Each line from the beginning of the entries below through the line that includes "lululemon athletica Pants" must be returned exactly as given.

START Provided information

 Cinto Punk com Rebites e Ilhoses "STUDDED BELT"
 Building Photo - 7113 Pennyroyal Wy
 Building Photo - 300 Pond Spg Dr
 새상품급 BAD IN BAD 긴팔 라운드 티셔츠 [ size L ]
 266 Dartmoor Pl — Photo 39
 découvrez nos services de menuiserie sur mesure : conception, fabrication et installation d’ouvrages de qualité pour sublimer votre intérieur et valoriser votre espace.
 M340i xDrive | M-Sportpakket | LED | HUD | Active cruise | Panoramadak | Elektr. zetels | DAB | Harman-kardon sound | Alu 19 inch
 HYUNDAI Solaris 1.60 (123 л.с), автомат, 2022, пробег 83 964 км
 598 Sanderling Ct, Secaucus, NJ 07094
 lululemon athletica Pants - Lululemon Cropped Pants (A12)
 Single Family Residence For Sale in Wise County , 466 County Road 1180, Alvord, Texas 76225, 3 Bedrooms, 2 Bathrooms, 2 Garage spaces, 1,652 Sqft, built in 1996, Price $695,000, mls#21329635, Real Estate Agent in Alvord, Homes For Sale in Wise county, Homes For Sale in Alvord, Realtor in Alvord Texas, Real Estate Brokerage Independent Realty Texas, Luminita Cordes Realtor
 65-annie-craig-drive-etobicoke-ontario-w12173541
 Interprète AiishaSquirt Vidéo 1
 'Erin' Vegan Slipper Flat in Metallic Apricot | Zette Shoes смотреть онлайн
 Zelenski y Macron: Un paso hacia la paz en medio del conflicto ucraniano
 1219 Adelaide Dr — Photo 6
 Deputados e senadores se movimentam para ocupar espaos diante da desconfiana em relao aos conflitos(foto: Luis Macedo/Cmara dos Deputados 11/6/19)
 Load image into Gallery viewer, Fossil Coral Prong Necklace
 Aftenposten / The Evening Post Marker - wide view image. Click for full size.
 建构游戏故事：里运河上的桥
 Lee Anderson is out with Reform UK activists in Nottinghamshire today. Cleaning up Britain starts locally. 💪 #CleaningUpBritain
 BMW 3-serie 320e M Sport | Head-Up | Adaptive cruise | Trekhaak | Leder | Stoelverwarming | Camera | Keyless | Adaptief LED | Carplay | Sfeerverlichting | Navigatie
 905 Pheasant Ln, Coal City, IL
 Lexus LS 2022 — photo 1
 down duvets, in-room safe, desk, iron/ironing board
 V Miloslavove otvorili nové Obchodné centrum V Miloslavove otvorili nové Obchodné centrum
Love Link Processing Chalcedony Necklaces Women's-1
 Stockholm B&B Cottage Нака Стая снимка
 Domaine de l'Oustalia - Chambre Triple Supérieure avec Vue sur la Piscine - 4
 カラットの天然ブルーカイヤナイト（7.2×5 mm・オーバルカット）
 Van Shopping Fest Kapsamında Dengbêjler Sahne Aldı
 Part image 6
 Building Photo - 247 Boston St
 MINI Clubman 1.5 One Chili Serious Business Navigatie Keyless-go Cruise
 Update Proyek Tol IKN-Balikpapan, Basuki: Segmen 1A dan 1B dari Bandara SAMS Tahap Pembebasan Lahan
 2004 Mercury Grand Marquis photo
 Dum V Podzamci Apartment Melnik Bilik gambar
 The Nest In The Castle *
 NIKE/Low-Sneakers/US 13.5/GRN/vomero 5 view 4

END Provided information

#### Worked solution:
 Cinto Punk com Rebites e Ilhoses "STUDDED BELT"
 Building Photo - 7113 Pennyroyal Wy
 Building Photo - 300 Pond Spg Dr
 새상품급 BAD IN BAD 긴팔 라운드 티셔츠 [ size L ]
 266 Dartmoor Pl — Photo 39
 découvrez nos services de menuiserie sur mesure : conception, fabrication et installation d’ouvrages de qualité pour sublimer votre intérieur et valoriser votre espace.
 M340i xDrive | M-Sportpakket | LED | HUD | Active cruise | Panoramadak | Elektr. zetels | DAB | Harman-kardon sound | Alu 19 inch
 HYUNDAI Solaris 1.60 (123 л.с), автомат, 2022, пробег 83 964 км
 598 Sanderling Ct, Secaucus, NJ 07094
 lululemon athletica Pants - Lululemon Cropped Pants (A12)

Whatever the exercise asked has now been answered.